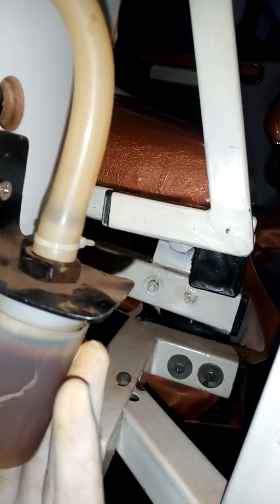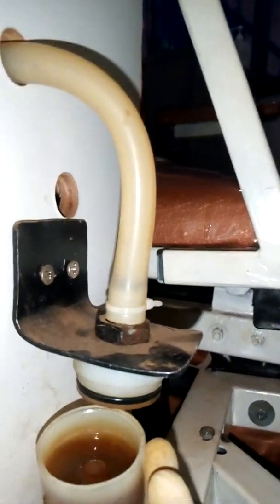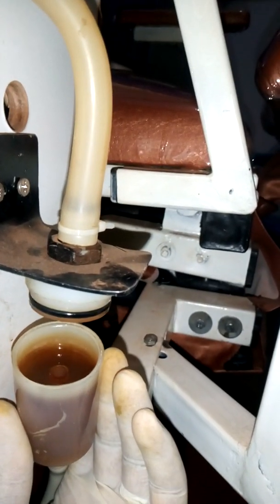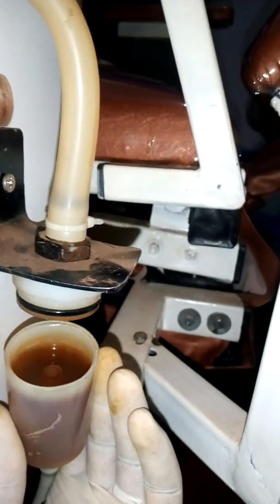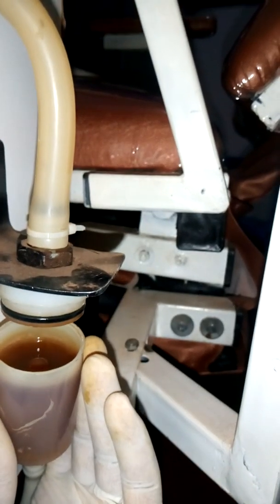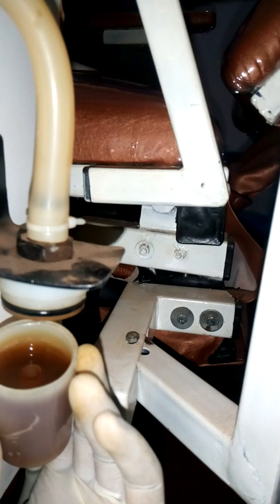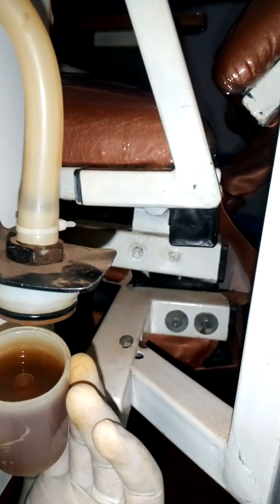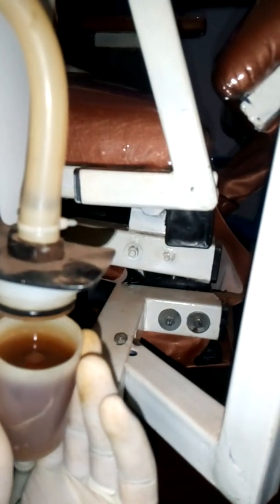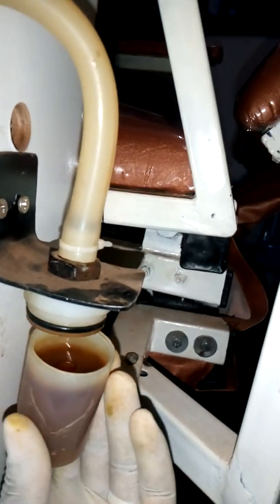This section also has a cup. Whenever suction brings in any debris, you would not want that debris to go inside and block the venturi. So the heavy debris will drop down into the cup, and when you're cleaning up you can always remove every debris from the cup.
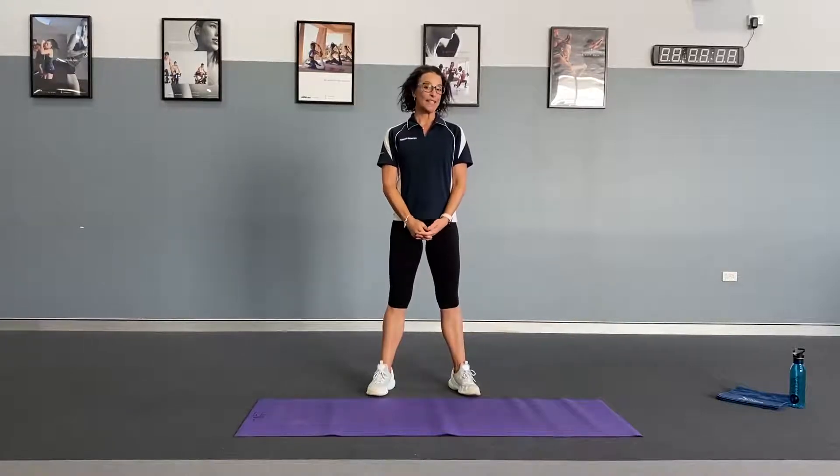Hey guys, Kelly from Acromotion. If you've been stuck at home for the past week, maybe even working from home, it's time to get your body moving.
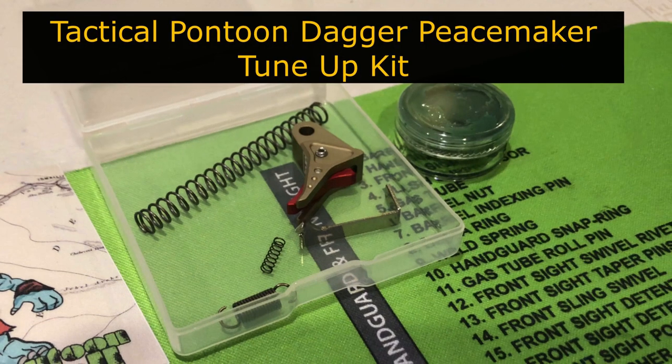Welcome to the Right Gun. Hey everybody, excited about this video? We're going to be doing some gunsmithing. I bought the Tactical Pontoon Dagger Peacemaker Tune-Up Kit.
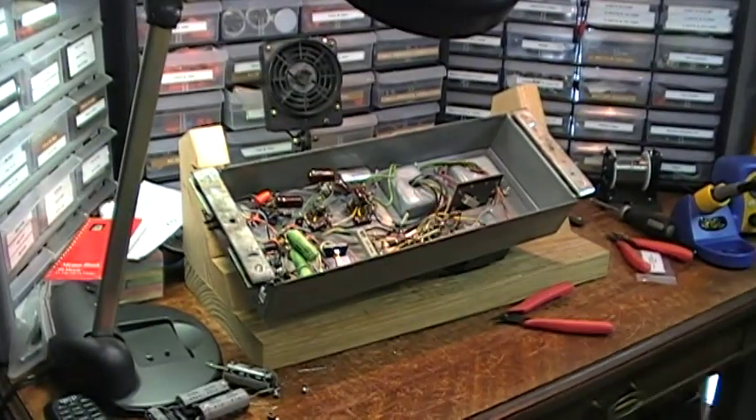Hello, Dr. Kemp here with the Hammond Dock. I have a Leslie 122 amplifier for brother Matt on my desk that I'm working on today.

────────────────────────────────────────

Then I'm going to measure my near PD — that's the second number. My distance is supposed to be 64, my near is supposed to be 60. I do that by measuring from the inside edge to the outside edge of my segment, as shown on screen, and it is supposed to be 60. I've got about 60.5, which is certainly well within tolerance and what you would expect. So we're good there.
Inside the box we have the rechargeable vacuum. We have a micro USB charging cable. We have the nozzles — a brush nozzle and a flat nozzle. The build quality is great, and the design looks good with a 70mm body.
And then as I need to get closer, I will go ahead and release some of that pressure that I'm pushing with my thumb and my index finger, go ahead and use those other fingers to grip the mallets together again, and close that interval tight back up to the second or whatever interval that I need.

────────────────────────────────────────

Exercise aim: Everything from the line with "Inside the box" through the line with "And then as" in the listing above must be retyped exactly, with nothing added.

Result:
Inside the box we have the rechargeable vacuum. We have a micro USB charging cable. We have the nozzles — a brush nozzle and a flat nozzle. The build quality is great, and the design looks good with a 70mm body.
And then as I need to get closer, I will go ahead and release some of that pressure that I'm pushing with my thumb and my index finger, go ahead and use those other fingers to grip the mallets together again, and close that interval tight back up to the second or whatever interval that I need.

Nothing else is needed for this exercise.